• _ENTRIES SUPPLIED_:
--
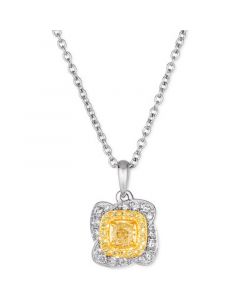 Sunny Yellow Diamond (1/4 ct. t.w.) & Vanilla Diamond (1/6 ct. t.w.) Double Halo 18" Pendant Necklace in Platinum & 14k Gold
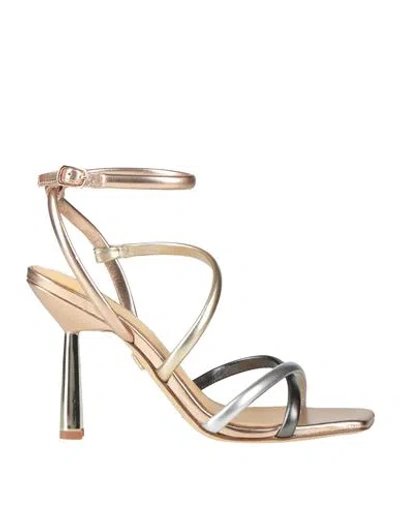 Lola Cruz Woman Sandals Platinum Size 8 Leather In Grey
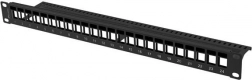 prazen patch panel 24 vrat 1U 19" črn za keystone module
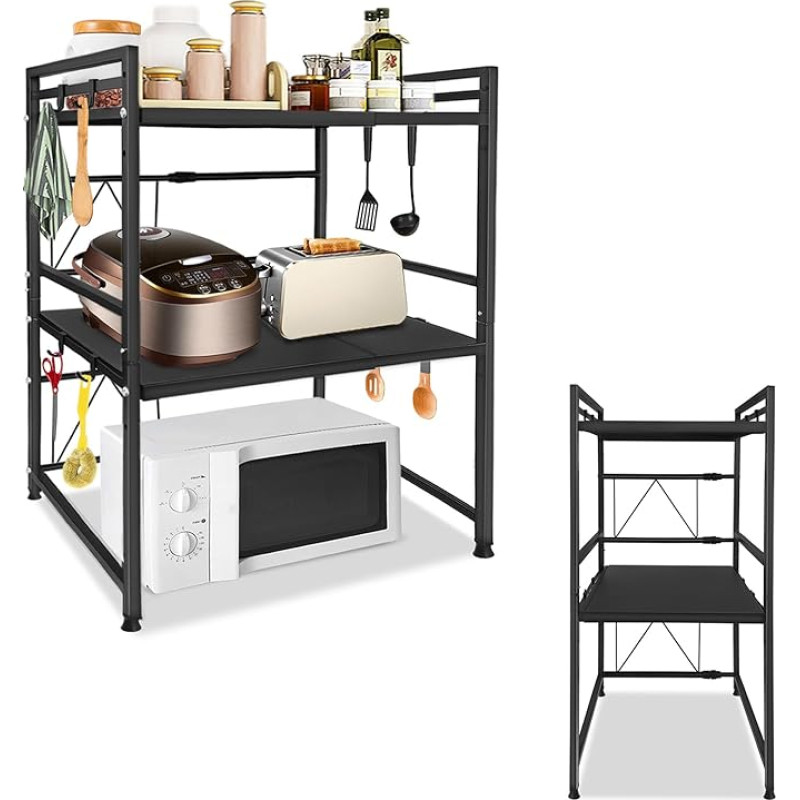 TANYEAR išskleidžiama mikrobangų krosnelės lentyna, 3 pakopų mikrobangų krosnelės laikiklis, mikrobangų krosnelės stovas, virtuvės organizatoriaus stovas su 8 kabliukais, laikymo erdvė, pakabinamas organizatorius, kepyklos lentynos virtuvės sandėliavimui,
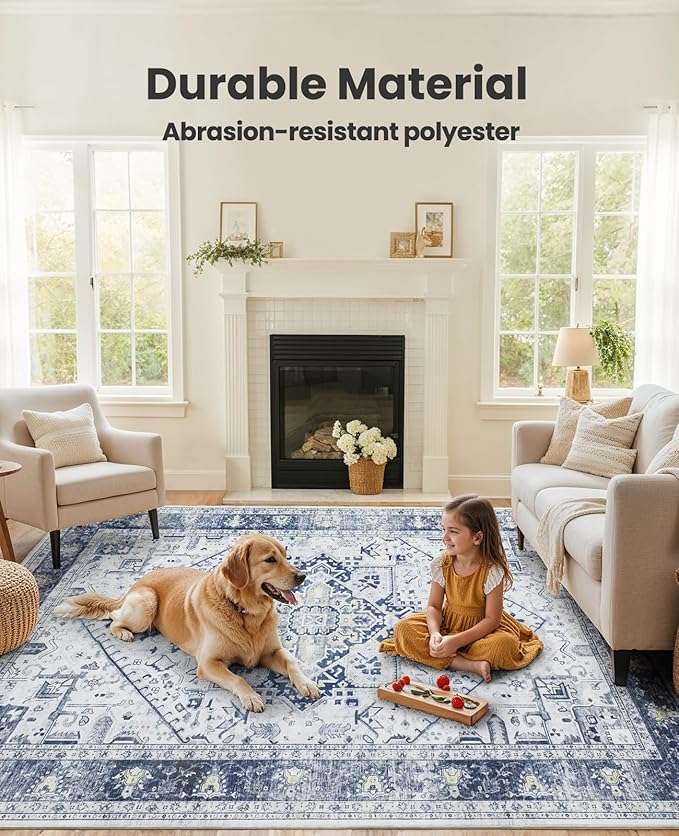 AMADA HOMEFURNISHING 8x10 Area Rugs, Low-Profile Large Washable Area Rug with Non-Slip Backing & Durable Edge Binding, Vintage Rugs for Living Room, Bedroom, Dinning Room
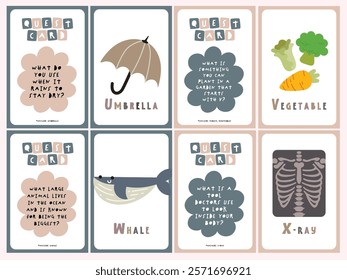 Printable quest card flashcards, kids learning the alphabet A-Z with cute illustration images. Teaching children to be aware of their surroundings, learn vocabulary. Educational tool for fun learning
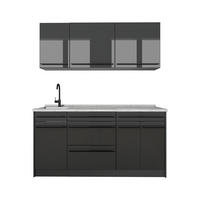 SINGLEKÜCHE R-Line, Anthrazit Hochglanz/Anthrazit, 160 cm Arbeitsplatte Marmor - Schwarz Hochglanz/Anthrazit, Holzwerkstoff (160/81.6/60cm) - Vicco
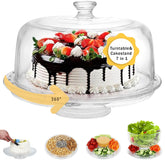 JOEY'Z plato rotatorio acrílico con tapa de 12 pulgadas, ideal para decorar y servir pasteles.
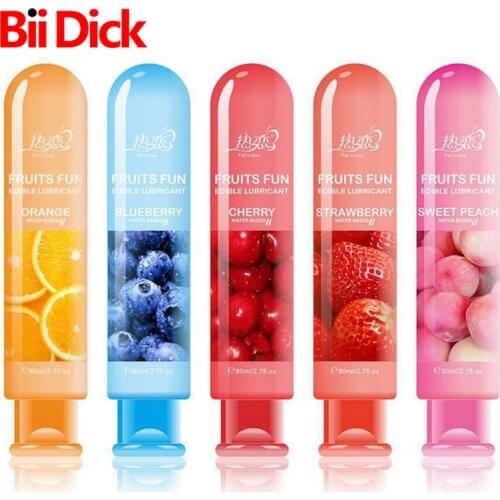 80ML Peach/Strawberry/Blueberry/Cherry/Orange Edible Flavor Water Based Lubricant Sex Anal Oral Gel Sex Lube For Couple Adult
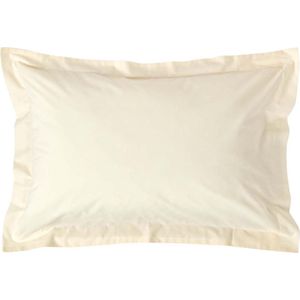 Homescapes kussensloop 48 x 74 cm met opstaande zoom - crème vanille, Egyptisch katoen, draaddichtheid 200
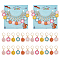 Alloy Enamel Pendant Locking Stitch Markers, 304 Stainless Steel Leverback Earring & Brass Wine Glass Charm Rings Stitch Marker, Sunflower with Smiling Face/Daisy, Mixed Color, 3.4~3.5cm, 6 style, 2pcs/style, 12pcs/set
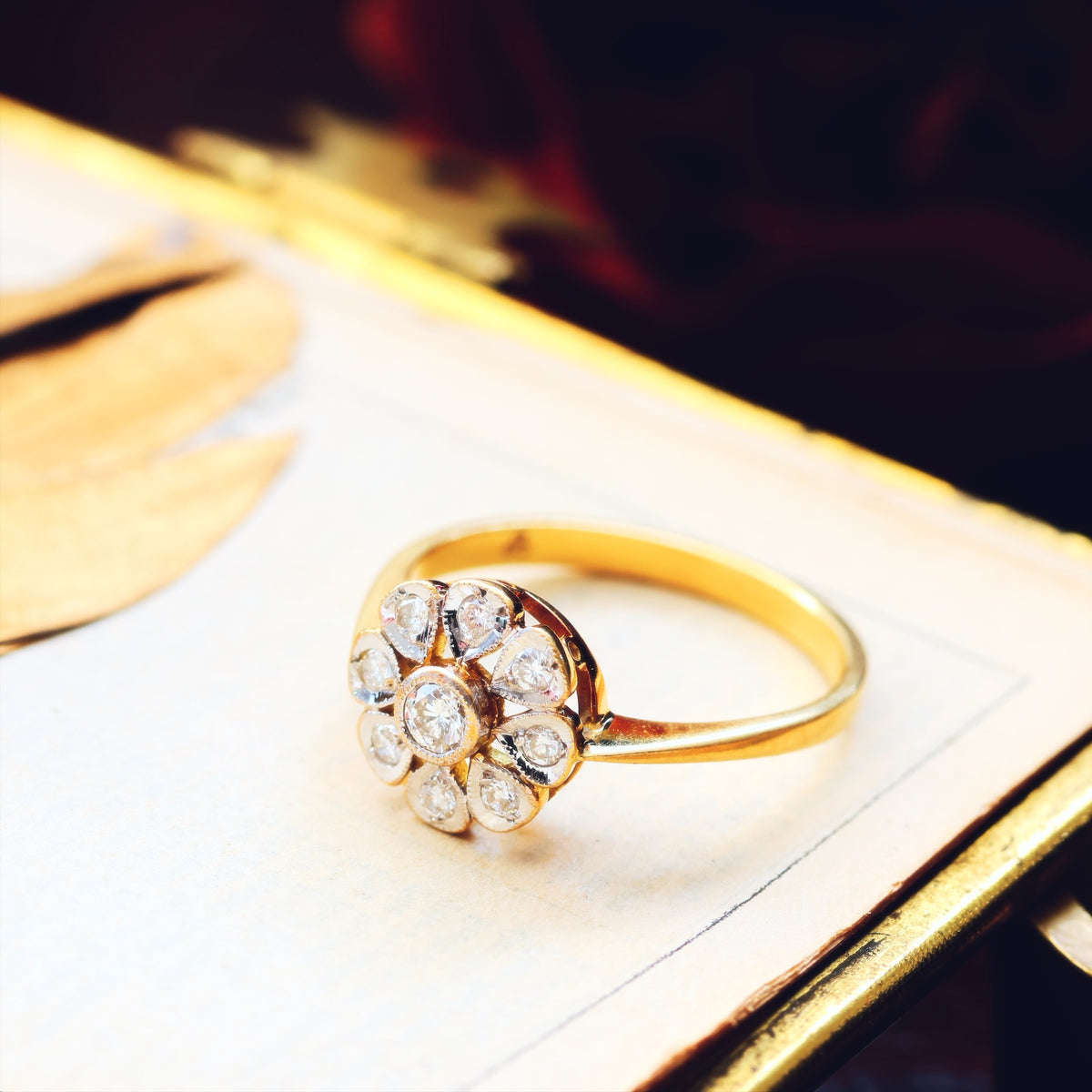 Romantic Vintage Diamond Daisy Engagement Ring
--
• _REQUIRED WORK_: Every line from the one containing "Homescapes kussensloop 48" through the last line of the data, both included, is to be repeated exactly; the pictures are to be left out.

• _TASK OUTPUT_:
 Homescapes kussensloop 48 x 74 cm met opstaande zoom - crème vanille, Egyptisch katoen, draaddichtheid 200
 Alloy Enamel Pendant Locking Stitch Markers, 304 Stainless Steel Leverback Earring & Brass Wine Glass Charm Rings Stitch Marker, Sunflower with Smiling Face/Daisy, Mixed Color, 3.4~3.5cm, 6 style, 2pcs/style, 12pcs/set
 Romantic Vintage Diamond Daisy Engagement Ring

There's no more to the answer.